For most, this ocean of numbers and notes would seem unmanageable, even overwhelming. For Dr. Ong, it’s a treasure trove of data that could help clinicians make decisions about their patient care—if you know where to look. 

“One of the jokes I make about my research is that I dig through the trash of what other researchers don’t want,” Ong says. It’s how she finds the biomarkers, the measurable signs in your body that tell doctors about your health, that she is interested in exploring further.  

Pupillometry, the size and reactivity of the pupil in your eye, is one of those biomarkers that fascinated her. 

“Even one of my early mentors, who is wonderful, said, ‘Why are you doing this?’” Dr. Ong says, laughing. “Typically as we’re doing our analysis, we delete eye movements detected on the EEG because it’s treated as artificial. But I was still interested, and I went along with it.” 

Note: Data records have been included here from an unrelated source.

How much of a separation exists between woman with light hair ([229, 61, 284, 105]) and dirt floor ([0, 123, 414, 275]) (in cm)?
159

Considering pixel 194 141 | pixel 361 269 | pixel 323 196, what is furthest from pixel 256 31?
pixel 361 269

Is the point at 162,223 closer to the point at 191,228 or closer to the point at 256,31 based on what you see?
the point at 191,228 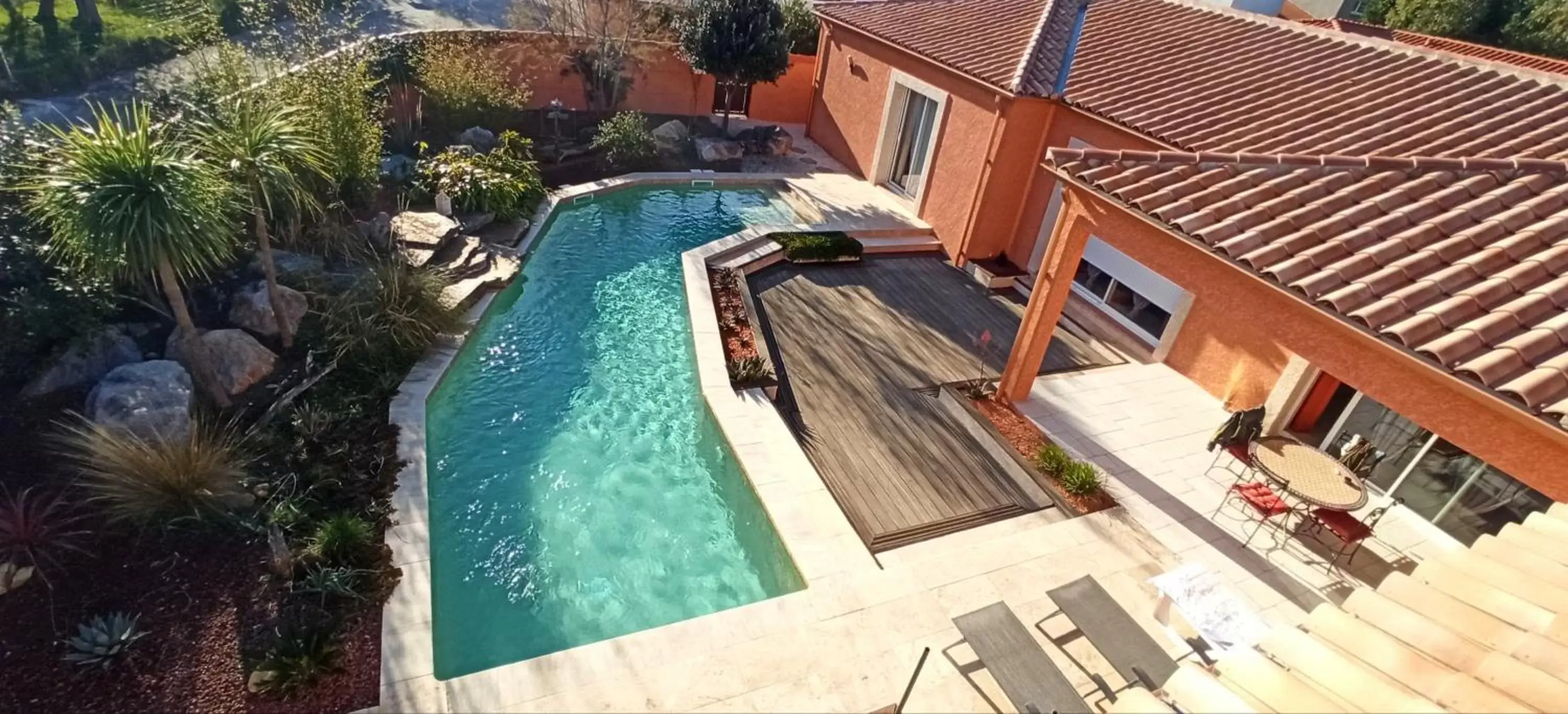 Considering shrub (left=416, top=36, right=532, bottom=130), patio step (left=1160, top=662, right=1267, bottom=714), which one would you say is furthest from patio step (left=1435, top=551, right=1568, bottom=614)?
shrub (left=416, top=36, right=532, bottom=130)

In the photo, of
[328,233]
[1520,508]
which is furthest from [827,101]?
[1520,508]

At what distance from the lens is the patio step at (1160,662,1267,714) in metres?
4.09

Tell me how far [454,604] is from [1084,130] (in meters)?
16.2

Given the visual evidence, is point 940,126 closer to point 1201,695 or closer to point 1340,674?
point 1340,674

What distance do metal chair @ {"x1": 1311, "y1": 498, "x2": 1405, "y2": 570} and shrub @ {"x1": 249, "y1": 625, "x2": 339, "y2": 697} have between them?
12734 mm

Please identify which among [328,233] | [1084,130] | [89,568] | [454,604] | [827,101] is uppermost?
[1084,130]

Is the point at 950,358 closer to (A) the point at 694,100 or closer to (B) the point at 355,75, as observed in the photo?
(B) the point at 355,75

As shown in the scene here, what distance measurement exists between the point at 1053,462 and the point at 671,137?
18.1 meters

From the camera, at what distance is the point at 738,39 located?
2302 cm

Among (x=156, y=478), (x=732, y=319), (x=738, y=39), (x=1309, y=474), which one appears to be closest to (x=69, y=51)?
(x=738, y=39)

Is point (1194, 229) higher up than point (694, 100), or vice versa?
point (1194, 229)

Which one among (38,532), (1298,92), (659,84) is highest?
(1298,92)

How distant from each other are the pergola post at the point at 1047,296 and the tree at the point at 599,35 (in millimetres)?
Result: 18723

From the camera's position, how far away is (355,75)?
1522 cm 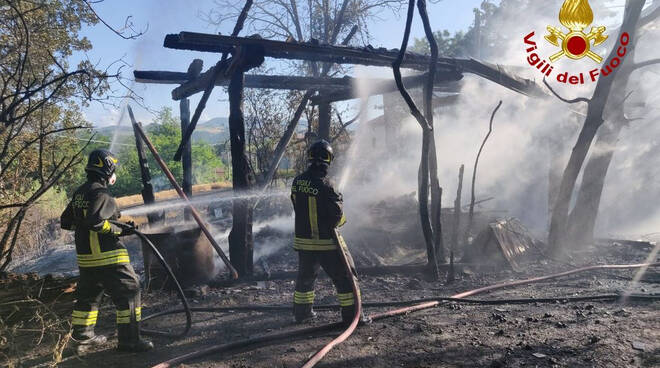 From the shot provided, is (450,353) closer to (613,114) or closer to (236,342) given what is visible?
(236,342)

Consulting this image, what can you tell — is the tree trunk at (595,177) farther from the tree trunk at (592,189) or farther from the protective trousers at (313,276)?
the protective trousers at (313,276)

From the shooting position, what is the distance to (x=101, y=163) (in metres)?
4.30

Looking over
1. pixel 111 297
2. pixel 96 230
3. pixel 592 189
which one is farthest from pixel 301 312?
pixel 592 189

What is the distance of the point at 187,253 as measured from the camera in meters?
6.39

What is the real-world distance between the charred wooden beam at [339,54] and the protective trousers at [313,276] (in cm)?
330

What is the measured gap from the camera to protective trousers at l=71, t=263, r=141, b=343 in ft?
13.6

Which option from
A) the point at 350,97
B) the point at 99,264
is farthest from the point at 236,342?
the point at 350,97

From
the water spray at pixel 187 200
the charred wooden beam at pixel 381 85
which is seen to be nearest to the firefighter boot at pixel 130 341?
the water spray at pixel 187 200

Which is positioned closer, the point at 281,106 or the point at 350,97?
the point at 350,97

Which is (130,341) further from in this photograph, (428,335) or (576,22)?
(576,22)

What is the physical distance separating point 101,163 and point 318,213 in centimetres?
239

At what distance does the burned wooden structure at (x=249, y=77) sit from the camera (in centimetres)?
611

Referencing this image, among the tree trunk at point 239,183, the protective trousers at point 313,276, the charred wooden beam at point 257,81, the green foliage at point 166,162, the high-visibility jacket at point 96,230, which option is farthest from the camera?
the green foliage at point 166,162

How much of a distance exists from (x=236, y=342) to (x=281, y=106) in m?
9.55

Dr. Charlene Ong, MD, MPHS.

This year, Dr. Ong has published a series of journal articles that relate non-invasive, de-identified data including pupillometry, electro-oculography and unstructured notes to outcomes after acute brain injuries such as ischemic stroke, traumatic brain injury and hypoxic injury from cardiac arrest. Her research looks to answer, “How much data are we leaving on the table and not actually leveraging when these are life-or-death questions and situations”? 

But this research, exploring massive data sets in life-or-death situations, wouldn’t be possible without the technological advances of machine learning and artificial intelligence (AI) in healthcare. 

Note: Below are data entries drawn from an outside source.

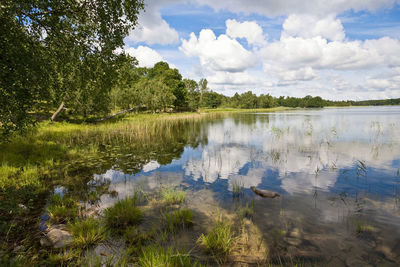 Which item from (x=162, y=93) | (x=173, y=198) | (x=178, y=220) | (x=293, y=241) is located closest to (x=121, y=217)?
(x=178, y=220)

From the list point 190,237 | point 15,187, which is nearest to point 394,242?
point 190,237

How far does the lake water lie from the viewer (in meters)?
5.41

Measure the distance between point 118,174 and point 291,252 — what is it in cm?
970

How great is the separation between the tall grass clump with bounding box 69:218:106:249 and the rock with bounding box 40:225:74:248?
151 millimetres

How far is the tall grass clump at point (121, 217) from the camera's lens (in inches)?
236

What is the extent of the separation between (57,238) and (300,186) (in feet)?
32.6

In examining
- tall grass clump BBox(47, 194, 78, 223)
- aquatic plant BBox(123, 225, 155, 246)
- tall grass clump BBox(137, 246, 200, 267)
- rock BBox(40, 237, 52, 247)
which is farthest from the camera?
tall grass clump BBox(47, 194, 78, 223)

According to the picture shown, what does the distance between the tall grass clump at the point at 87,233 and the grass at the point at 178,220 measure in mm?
1884

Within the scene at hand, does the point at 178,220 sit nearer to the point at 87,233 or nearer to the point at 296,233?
the point at 87,233

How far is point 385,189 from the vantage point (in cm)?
891

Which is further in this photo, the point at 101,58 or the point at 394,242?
the point at 101,58

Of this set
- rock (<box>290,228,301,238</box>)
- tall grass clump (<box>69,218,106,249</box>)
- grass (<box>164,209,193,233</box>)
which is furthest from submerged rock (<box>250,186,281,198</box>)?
tall grass clump (<box>69,218,106,249</box>)

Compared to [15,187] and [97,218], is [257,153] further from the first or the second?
[15,187]

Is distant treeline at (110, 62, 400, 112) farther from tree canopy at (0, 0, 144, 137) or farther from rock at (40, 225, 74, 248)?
rock at (40, 225, 74, 248) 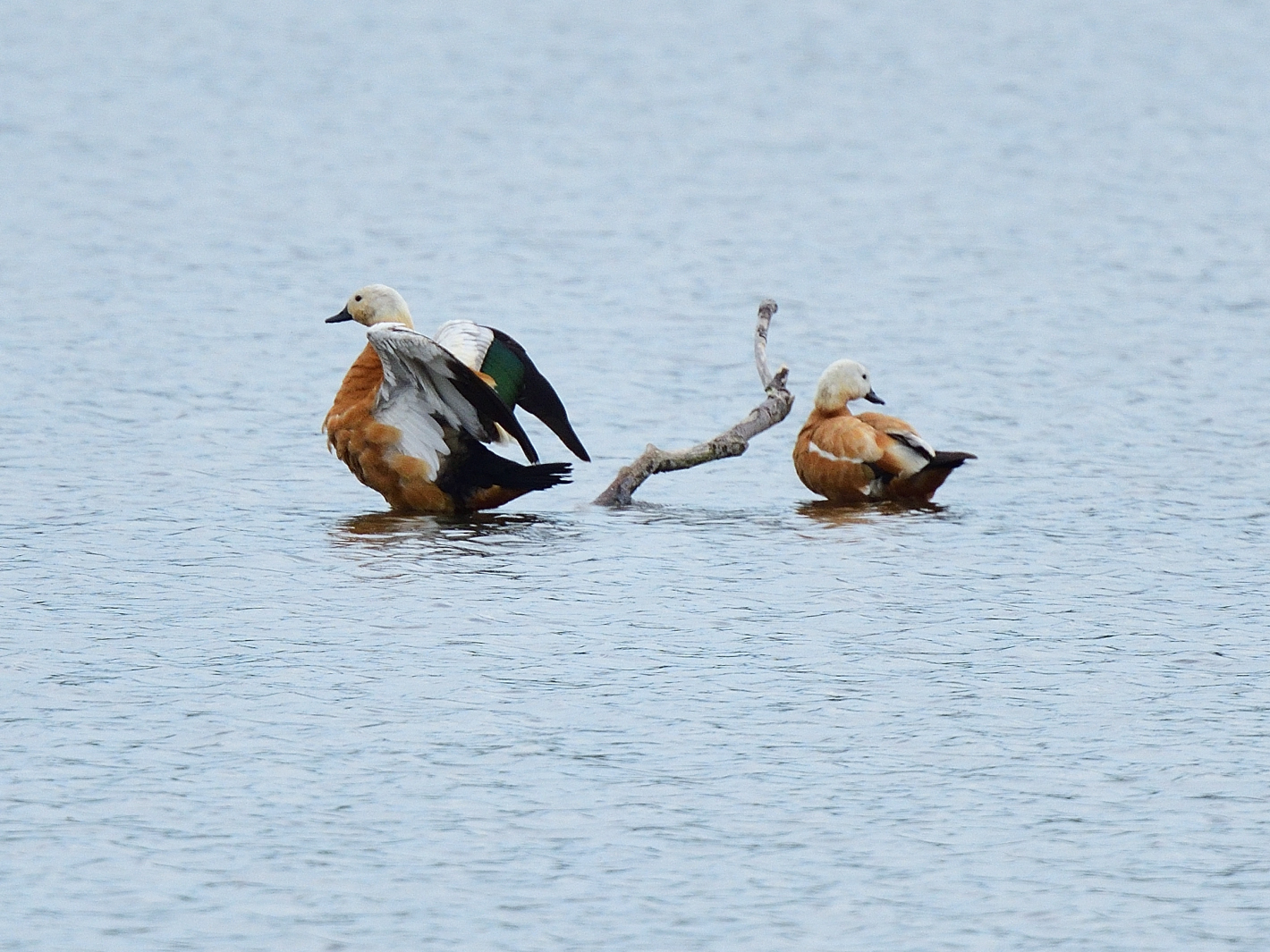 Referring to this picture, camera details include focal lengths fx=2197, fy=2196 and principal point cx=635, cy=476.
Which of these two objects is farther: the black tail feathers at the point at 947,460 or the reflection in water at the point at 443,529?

Detecting the undetectable using new technologies

In neurology, the stakes are rarely higher than in the neurocritical care unit, where patients with acute brain injuries teeter between recovery and irreversible decline. Traditionally, clinicians have relied on risk prediction models—statistical tools that use early data to estimate the likelihood of outcomes like swelling in the brain or the need for emergency surgery.  

Machine learning—a subset of artificial intelligence—thrives on complexity. It can sift through millions of data points, searching for patterns invisible to the human eye. In Dr. Ong’s world, this means not just tracking a patient’s vital signs or lab results, but also subtle changes in things like eye movement, as captured by continuous waveform monitors. Furthermore, all AI models are used in a HIPAA-compliant manner since the AI is strictly using de-identified data like the clinical waveforms which are not traceable back to the patient.

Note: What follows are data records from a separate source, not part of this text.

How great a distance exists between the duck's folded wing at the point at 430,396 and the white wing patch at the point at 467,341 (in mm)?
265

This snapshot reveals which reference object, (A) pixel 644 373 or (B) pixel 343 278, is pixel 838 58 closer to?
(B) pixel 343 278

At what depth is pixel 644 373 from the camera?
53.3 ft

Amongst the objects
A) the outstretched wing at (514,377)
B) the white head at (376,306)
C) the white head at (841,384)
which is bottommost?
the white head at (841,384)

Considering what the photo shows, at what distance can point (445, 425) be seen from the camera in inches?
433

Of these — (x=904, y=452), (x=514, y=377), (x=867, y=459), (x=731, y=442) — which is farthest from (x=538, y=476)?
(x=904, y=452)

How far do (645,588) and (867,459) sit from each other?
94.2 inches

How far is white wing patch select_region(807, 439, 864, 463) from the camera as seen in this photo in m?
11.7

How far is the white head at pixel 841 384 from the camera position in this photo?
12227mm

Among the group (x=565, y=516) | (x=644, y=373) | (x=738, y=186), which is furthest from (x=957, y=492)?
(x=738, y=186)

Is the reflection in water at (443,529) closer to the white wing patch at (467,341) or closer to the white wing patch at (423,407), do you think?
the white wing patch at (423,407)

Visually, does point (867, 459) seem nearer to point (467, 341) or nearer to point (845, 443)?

“We’ve shown that we can see subclinical changes in pupillometry over time—changes that are not detectable by clinicians, whether because their eyes are closed or they are not visible to the human eye. These are changes that happen before the thresholds considered abnormal by manufacturers are met,” Ong explains. This process means clinicians can track and flag subtle signs of deterioration before they become catastrophic. In one case, Dr. Ong noticed a patient’s neurologic pupil index—a composite score of how the eye reacts to light—was dropping, even though it hadn’t yet reached the “abnormal” range. She used that data to confer with neurosurgeons on the team. Combined with imaging, the patient’s risk factors, and the clinicians’ expertise, they were able to intervene before the patient’s brain function deteriorated.  

“If we can identify impending deterioration, we’re not leaving patients with hours of compression of vital brain structures,” Dr. Ong says. “That can change everything about their ability to recover.” 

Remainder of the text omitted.